WHAT YOU SHOULD DO — Repeat the data word for word and skip the pictures.

(DATASET ENTRIES begins)

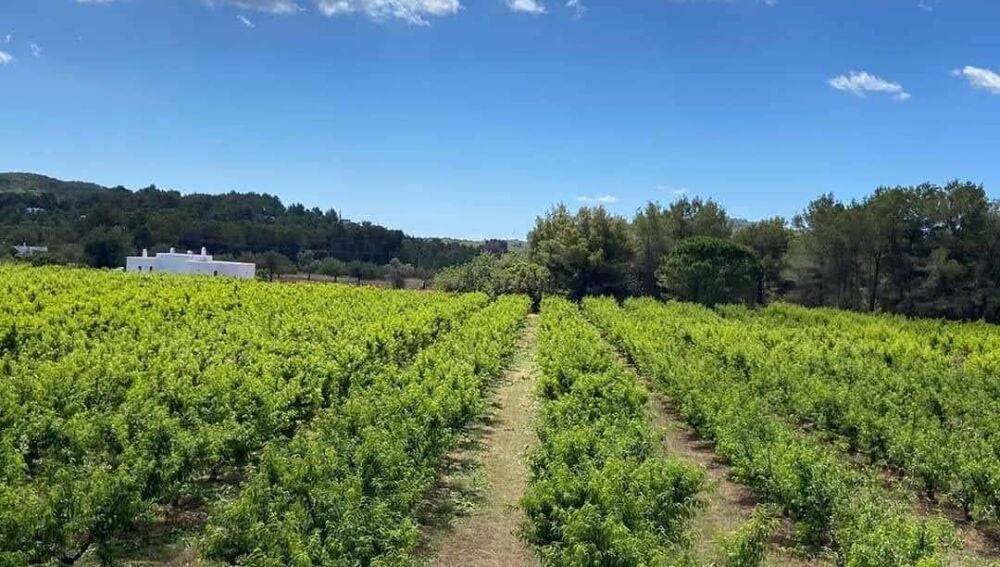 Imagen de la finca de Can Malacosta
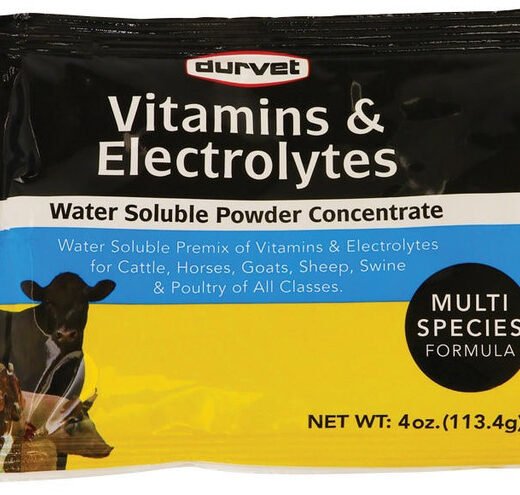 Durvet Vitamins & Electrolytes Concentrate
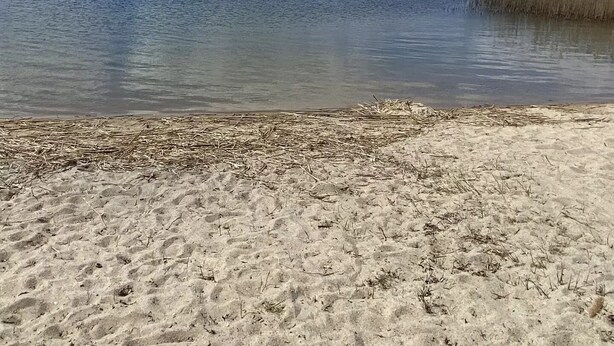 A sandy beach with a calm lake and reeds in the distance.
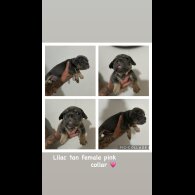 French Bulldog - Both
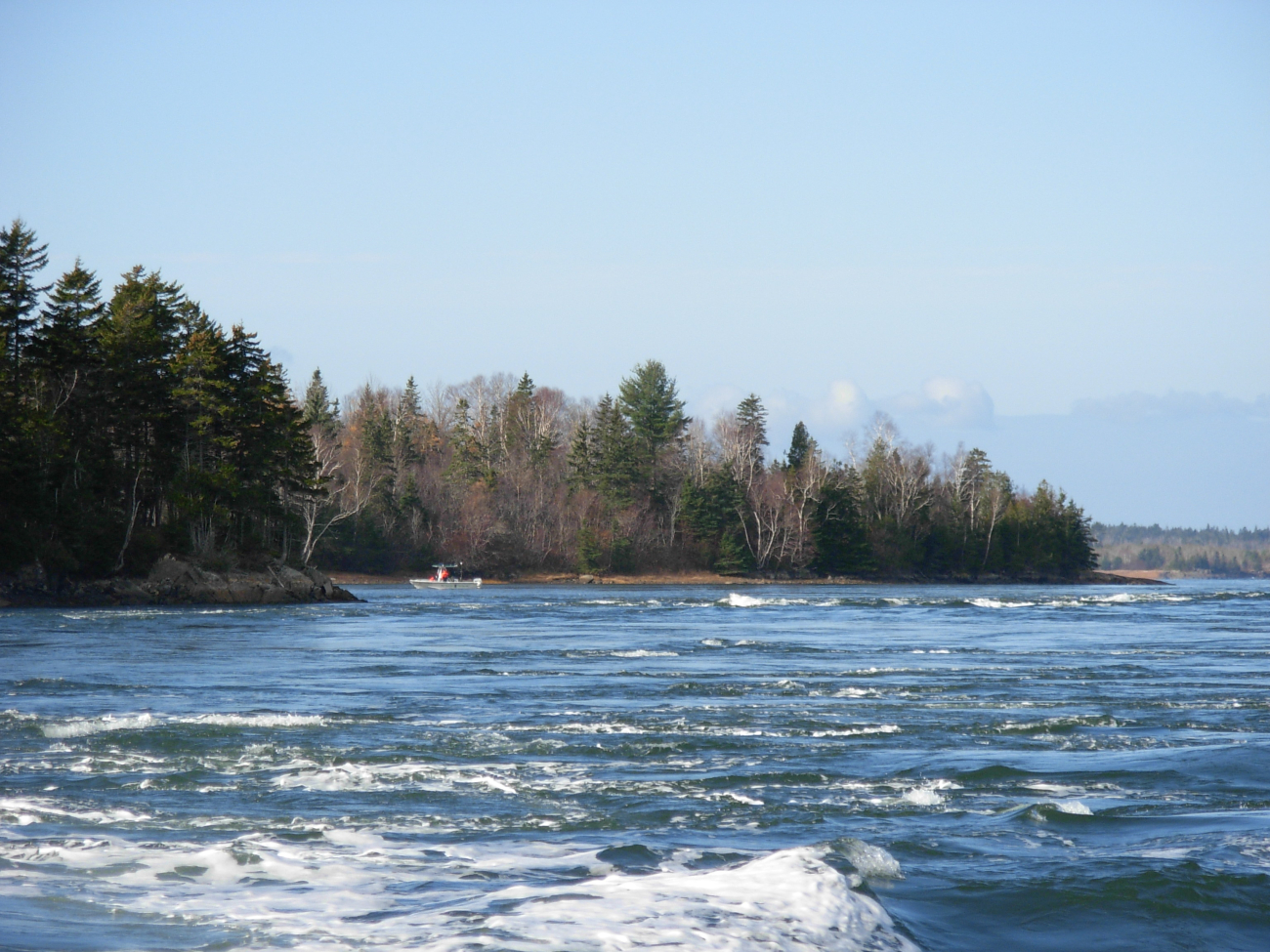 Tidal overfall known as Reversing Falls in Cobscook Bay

(DATASET ENTRIES ends)

SOLUTION TO THIS TASK —
 Imagen de la finca de Can Malacosta
 Durvet Vitamins & Electrolytes Concentrate
 A sandy beach with a calm lake and reeds in the distance.
 French Bulldog - Both
 Tidal overfall known as Reversing Falls in Cobscook Bay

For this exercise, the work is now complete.